THE MOSQUITO COAST

"The Mosquito Coast" reunites Harrison Ford and Peter Weir after "Witness," for which they both received Academy Award nominations. Ford's performance may make him a dark horse for such a nomination in this long-anticipated film however, Weir is unlikely to receive similar accolade. Best box-office prospects for this clamorous Warner Bros. release may be a few years down the road - whenever the country returns to a 60s-type, anti-establishment period. Right now, word of mouth will be poisonous.

Based on Paul Theroux's well-regarded 1982 novel, this film adaptation has brought to the screen some of the least appealing parts of the book's lead character, a brilliant but iconoclastic inventor. He rages against the phoniness of American life: neon, fast food, TV, pollution, crime and phony evangelism - in short, all the old and usual suspects. These may have been timely villains back when Jessica Mitford first wrote about planned obsolescence in the 1950s, but now they're just tired subjects. And, in Paul Schrader's heavy-verbiage screenplay they're just plain annoying.

On and on, a Hawaiian-shirted Ford spouts the evils of double-digit inflation and plastic consumerism. He's so fanatic about it, he's uprooted his family from their pastoral home home and lugged them off to a primitive jungle coast. He's filled with cockeyed, romantic notions on building a jungle utopia for himself and his family.
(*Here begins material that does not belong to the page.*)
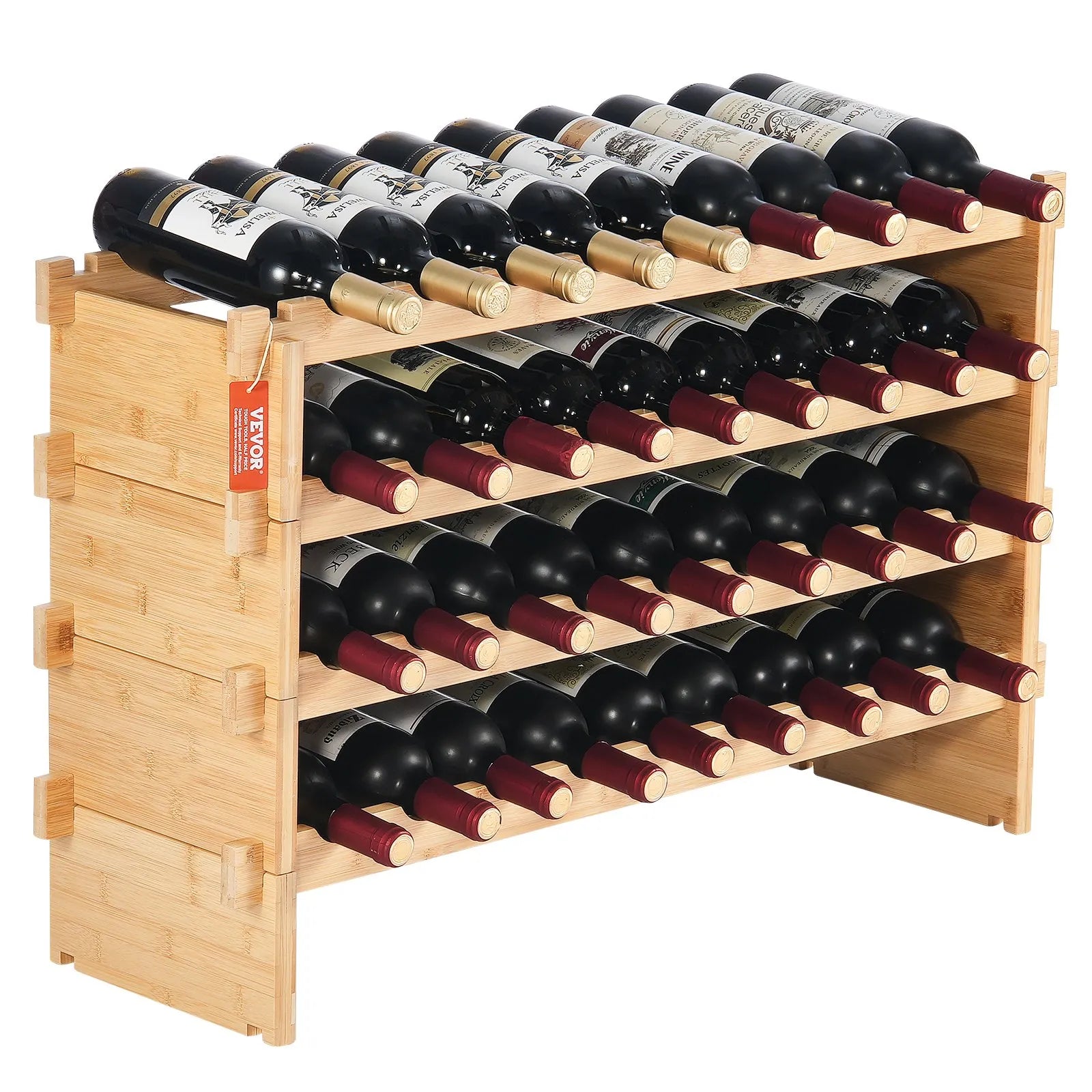 VEVOR 36 Bottle Stackable Modular Wine Rack Bamboo Wood Display Shelf 4-Tier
In this decision, as in all other decisions, the family, including his dutiful supportive wife (Helen Mirren), two sons (River Phoenix, Conrad Roberts) and twin daughers (Hilary Gordon, Rebecca Gordon) don't have any choice. Despite his sometimes brilliant and idiosyncratic observations on society, Ford's a complete dolt with people. For him, the pulleys, ropes and levers he ingeniously rigs up for his numerous inventions are the stuff of life. He even talks of his machinery in anthropomorphic terms - the kidneys of the system, etc.

Although Schrader has pitched his lead character with the shrillest of tones, he has distilled with some distinction the high comic spirit of much of the novel. Ford's existential determination to build a gigantic ice machine within the bowels of a primitive jungle is a wonderfully inspired screwball calling. The odd and bulky mechanism protruding from the foliage, dumping ice blocks into a jungle stream is a true and goofy philosophical symbol.

"Mosquito Coast" rambles on throughout, much like an out-of-control musical, as Ford exhorts his family and a swarm of happy natives in their construction of his jungle paradise. As they hammer, chop and drudge away, he rants at them about the evils of corporate America. And, this never lets up - the same points keep getting made and made.

Ford, it is clear, is just plain off-his-rocker. He's authoritarian, belligerent and insensitive - as unsympathetic a protagonist as you'll find. Why his wife (Mirren) just doesn't up and leave him is perplexing - surely this role takes the cake for passivity in a major female lead.

Through a voice-over, Schrader and Weir have attempted to distance the audience from Ford; in essence, to bring the audience into the family by making River Phoneix their surrogate. It doesn't work - the character is simply too overpowering and obnoxious.

To his credit, Harrison Ford gives a strong and inspired performance; yet, it is so forceful and unrelenting under Weir's atonal direction that it has capsized the whole film.

Among other performers, River Phoenix is outstanding as the perceptive oldest son, while Helen Mirren is shackled by her anemic role as Ford's beleaguered wife.

Technical credits in this Jerome Hellman production are not surprisingly excellent, in particular John Seale's broad-scaled photography and John Stoddart's beamed-off-center production design attest to Weir's impeccable visual eye.